First, historical material is rather scant. Trans people as a group do not have distinct cuisines, homelands, languages (with the exception of cants, or underground slang), historical buildings, religious practices, craft practices, aesthetic traditions, or culturally transmitted stories. Additionally, the material that has existed has often been destroyed.
Second, the distribution of trans people in the world is diffuse and unconnected. We appear in all places, at all times, and at relatively low rates. With rare exceptions, trans people grow up knowing no other trans people and have to search, cautiously, to find connection and community. Such a distribution inhibits cultural transmission and prevents interpersonal exchanges from snowballing into a larger body of culture.

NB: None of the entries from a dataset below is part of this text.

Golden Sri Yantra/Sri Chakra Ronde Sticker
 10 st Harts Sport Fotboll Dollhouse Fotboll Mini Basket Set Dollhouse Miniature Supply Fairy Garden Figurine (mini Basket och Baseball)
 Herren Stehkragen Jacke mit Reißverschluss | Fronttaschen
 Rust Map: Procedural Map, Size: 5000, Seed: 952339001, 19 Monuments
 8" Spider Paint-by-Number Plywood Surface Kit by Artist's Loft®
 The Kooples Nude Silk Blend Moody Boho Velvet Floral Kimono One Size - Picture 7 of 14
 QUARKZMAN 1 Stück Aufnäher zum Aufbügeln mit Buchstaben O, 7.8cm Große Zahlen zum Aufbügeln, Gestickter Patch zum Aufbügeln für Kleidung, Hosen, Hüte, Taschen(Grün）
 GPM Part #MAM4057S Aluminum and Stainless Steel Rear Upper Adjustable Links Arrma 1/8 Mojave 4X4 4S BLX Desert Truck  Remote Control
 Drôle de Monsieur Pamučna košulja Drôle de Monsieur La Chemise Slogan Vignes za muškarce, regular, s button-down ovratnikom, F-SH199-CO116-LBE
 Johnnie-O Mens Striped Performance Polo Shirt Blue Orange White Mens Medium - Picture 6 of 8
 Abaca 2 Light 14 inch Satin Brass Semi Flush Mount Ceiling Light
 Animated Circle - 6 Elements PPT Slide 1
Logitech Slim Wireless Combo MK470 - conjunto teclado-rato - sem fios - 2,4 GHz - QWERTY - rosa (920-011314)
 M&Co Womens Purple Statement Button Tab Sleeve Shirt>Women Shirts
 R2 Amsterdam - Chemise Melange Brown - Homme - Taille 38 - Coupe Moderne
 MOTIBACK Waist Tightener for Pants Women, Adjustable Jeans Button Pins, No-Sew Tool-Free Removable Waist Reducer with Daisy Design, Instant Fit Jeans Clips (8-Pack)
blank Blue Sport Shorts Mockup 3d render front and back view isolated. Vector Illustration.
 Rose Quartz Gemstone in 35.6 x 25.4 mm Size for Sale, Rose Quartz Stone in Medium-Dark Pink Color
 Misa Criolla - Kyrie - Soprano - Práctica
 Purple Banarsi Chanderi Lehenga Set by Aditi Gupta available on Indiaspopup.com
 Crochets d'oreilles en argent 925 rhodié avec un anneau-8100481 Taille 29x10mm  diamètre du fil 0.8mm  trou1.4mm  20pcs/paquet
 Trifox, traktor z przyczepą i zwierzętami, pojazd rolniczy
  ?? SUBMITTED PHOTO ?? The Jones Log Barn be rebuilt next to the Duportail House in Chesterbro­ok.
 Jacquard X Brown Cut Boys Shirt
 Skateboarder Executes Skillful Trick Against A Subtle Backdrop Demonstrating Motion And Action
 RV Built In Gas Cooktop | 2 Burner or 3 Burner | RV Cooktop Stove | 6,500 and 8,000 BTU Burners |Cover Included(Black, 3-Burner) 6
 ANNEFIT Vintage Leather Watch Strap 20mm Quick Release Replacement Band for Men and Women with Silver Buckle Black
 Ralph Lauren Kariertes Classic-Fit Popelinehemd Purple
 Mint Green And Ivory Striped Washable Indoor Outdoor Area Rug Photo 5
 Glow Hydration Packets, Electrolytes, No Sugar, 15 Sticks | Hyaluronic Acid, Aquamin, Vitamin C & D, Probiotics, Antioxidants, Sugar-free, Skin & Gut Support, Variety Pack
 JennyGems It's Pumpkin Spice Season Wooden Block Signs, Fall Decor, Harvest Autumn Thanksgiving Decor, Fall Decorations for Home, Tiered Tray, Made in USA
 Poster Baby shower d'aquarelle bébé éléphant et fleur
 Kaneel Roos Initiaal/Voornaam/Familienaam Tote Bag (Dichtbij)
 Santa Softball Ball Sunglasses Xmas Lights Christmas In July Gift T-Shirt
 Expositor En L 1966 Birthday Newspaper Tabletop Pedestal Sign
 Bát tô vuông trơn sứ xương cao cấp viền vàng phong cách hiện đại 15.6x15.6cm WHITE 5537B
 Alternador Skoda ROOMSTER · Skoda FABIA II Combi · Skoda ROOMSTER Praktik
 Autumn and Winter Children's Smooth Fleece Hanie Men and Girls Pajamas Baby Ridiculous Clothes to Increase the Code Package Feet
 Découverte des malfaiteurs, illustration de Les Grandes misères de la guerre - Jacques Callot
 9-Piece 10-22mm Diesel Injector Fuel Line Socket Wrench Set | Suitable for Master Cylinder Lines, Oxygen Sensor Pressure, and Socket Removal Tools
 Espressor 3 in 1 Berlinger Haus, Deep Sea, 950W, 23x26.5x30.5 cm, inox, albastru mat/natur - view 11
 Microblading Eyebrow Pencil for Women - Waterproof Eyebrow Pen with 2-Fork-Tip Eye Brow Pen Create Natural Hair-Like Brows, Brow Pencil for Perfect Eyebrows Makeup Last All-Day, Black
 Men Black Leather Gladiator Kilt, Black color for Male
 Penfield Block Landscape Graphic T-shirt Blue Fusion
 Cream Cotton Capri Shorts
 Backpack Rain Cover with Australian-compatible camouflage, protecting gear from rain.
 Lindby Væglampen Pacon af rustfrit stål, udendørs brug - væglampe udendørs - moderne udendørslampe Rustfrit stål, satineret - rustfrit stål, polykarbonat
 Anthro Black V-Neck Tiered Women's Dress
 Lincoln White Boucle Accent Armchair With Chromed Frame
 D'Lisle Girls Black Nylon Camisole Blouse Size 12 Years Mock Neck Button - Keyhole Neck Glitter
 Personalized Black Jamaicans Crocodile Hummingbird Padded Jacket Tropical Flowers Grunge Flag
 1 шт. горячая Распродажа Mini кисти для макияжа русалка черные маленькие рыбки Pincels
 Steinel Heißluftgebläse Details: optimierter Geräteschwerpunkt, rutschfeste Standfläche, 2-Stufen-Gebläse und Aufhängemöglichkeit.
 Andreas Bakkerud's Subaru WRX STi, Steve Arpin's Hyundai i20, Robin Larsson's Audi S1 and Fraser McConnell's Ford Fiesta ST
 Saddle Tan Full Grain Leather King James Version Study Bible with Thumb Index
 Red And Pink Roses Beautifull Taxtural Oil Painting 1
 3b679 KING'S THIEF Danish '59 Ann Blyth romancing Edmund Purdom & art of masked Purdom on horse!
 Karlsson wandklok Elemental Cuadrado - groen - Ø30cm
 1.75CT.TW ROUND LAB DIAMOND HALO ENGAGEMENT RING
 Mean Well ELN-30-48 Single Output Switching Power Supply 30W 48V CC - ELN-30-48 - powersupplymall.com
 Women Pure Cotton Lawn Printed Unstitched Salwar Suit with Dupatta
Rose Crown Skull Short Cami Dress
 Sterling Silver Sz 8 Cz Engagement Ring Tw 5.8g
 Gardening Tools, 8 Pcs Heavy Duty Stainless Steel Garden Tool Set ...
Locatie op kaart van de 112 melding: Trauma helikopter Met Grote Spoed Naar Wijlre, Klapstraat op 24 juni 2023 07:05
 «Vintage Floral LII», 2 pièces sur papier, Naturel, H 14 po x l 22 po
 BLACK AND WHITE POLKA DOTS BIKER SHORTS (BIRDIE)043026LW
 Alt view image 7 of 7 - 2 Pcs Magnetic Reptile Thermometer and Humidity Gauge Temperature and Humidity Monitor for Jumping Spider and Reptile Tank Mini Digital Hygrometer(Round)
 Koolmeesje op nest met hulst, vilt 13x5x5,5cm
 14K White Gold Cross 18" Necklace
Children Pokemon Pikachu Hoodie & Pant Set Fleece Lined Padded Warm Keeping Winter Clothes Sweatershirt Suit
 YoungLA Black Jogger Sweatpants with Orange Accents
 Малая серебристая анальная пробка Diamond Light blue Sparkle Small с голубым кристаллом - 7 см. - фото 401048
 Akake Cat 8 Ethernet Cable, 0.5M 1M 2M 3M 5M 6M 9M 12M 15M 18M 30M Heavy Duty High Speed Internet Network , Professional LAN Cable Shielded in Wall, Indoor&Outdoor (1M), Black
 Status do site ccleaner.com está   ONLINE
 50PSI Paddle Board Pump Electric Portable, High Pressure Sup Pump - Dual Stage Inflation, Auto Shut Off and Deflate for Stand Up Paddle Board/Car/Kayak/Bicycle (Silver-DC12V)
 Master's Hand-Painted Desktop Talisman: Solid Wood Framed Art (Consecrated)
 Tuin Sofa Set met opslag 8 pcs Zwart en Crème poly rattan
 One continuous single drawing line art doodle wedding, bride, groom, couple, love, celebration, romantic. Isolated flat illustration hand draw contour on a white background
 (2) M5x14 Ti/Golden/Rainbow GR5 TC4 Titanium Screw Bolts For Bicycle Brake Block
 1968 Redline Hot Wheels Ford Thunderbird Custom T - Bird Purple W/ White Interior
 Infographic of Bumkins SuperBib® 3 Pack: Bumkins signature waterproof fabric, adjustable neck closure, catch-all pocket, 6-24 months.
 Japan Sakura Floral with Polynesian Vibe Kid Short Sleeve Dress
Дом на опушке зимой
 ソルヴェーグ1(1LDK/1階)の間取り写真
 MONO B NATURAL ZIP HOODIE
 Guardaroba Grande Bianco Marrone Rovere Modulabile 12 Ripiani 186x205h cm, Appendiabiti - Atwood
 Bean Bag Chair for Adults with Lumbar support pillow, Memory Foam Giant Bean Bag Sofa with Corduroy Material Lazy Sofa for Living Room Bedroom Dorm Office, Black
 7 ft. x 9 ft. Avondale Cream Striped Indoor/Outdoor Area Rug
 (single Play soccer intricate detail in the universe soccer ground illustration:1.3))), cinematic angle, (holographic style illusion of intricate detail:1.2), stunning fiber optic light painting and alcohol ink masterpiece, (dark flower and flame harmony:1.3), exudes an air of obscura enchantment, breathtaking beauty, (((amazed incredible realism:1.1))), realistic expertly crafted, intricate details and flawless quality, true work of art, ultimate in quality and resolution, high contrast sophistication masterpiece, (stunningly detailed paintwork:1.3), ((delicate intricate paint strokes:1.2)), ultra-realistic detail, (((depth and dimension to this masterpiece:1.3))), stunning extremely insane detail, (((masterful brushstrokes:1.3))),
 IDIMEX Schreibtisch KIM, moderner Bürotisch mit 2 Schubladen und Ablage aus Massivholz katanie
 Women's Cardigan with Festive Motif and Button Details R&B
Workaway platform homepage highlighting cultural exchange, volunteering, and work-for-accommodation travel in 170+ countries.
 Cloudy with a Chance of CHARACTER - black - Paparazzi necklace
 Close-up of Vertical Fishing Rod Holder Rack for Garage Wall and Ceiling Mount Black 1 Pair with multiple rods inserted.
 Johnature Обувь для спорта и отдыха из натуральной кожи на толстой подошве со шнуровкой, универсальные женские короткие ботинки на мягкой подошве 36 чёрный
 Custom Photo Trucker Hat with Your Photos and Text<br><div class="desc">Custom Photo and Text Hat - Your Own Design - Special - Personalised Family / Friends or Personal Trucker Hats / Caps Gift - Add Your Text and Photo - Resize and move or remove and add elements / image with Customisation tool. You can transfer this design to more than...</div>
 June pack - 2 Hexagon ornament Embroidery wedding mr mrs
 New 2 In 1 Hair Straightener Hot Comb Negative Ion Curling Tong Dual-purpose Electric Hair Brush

HOWEVER! ^_^ There does exist a large body of historical pictures of people, newspaper clippings, zines, and digitally recorded oral history interviews. I'm not exactly sure how to best go about treating the first two categories of material. Pictures of people feel sensitive and possibly private (and I struggle with creative visual design). The newspaper clippings are … often quite painful to read. The zines and oral histories, on the other hand, were meant to be spread and were so, so beautiful.
I have been collecting queer and trans zines and oral histories and want to serve them up to people using self-hosted servers and non-traditional access methods and network topologies. To start, I want to post a QR code at my favorite trans space, Worker's Tap, which hosts a Trans Social Night every Friday.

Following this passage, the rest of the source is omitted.